(RECORDED DATA)

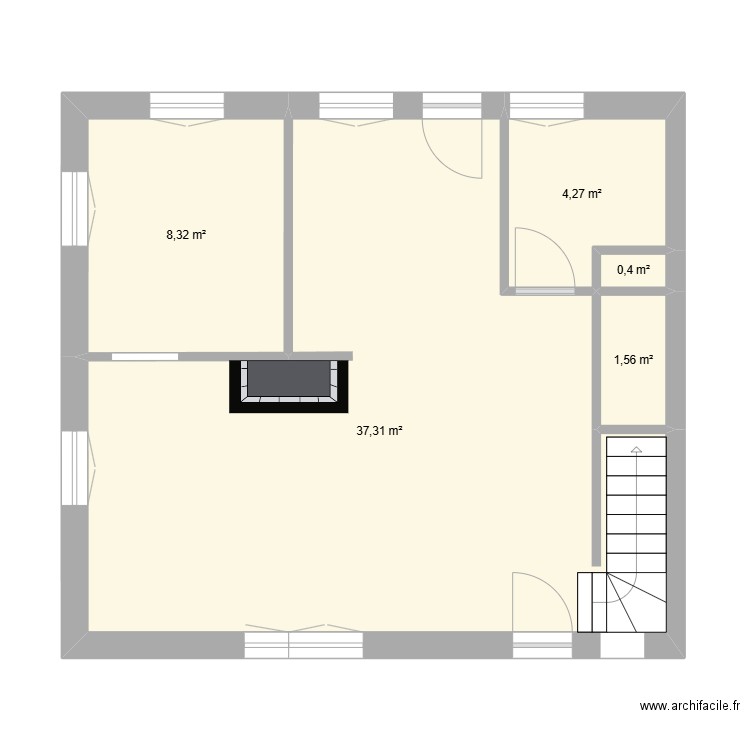 fouilloy rez de chaussé aprés. Plan de 5 pièces et 52 m2
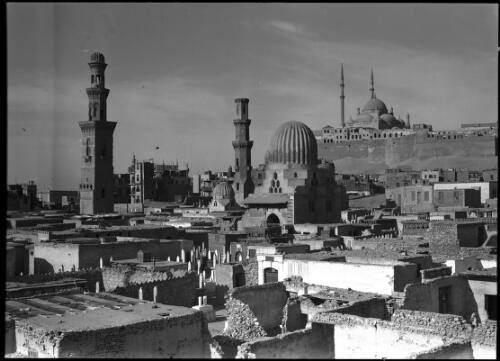 So-called Tomb of the Mamelukes with the Citadel & Mohamed Aly Mosque in background [Mamluks and Muhammad Ali Mosque] [picture] : [Cairo, Egypt, World War II] / [Frank Hurley]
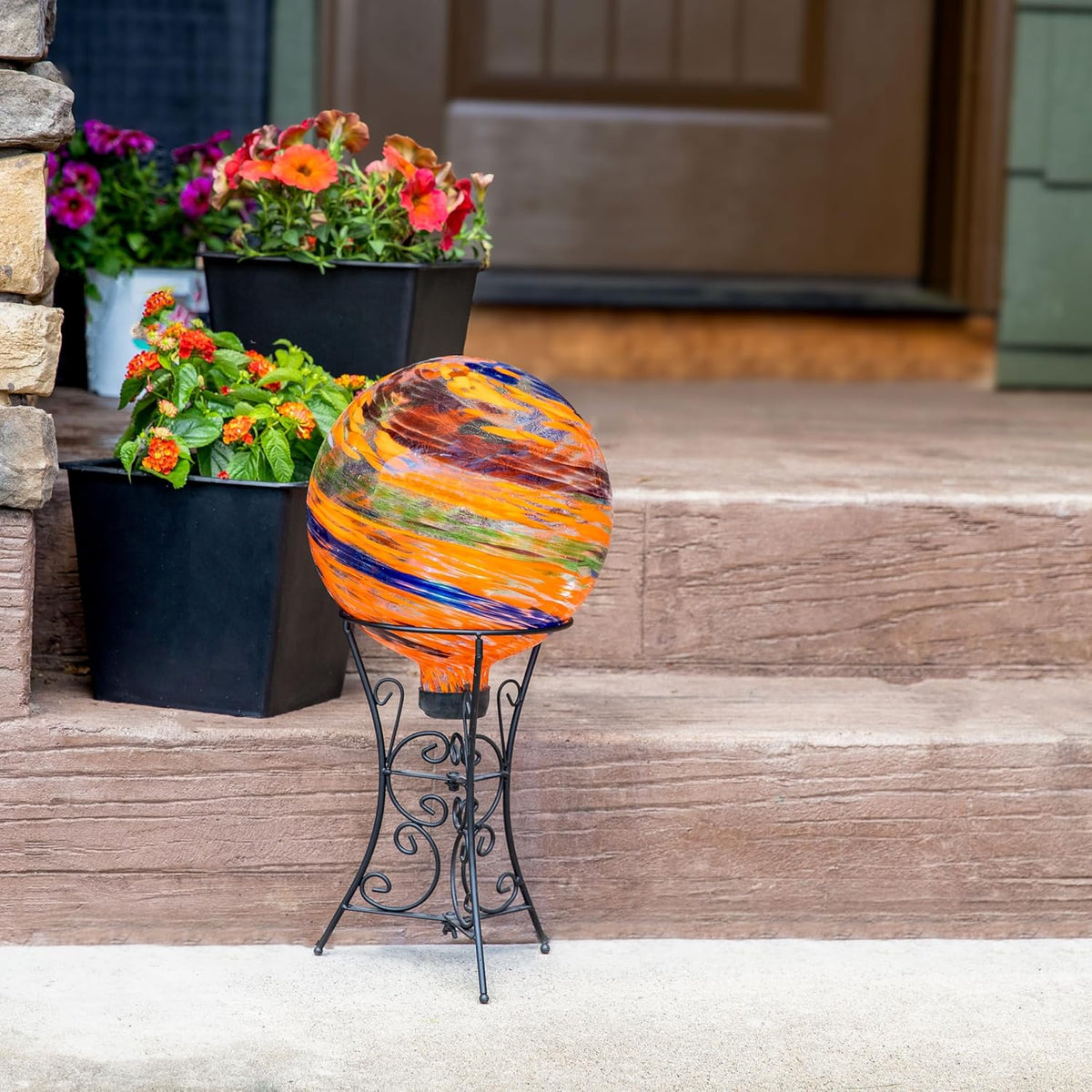 Sunnydaze 10-Inch Gazing Ball for Garden - Glass Gazing Globe for Outside - Garden Orb Yard Decor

(End RECORDED DATA)

▸ WHAT TO DO
Return all of the data exactly as written, and drop the pictures.

▸ EXPECTED ANSWER
 fouilloy rez de chaussé aprés. Plan de 5 pièces et 52 m2
 So-called Tomb of the Mamelukes with the Citadel & Mohamed Aly Mosque in background [Mamluks and Muhammad Ali Mosque] [picture] : [Cairo, Egypt, World War II] / [Frank Hurley]
 Sunnydaze 10-Inch Gazing Ball for Garden - Glass Gazing Globe for Outside - Garden Orb Yard Decor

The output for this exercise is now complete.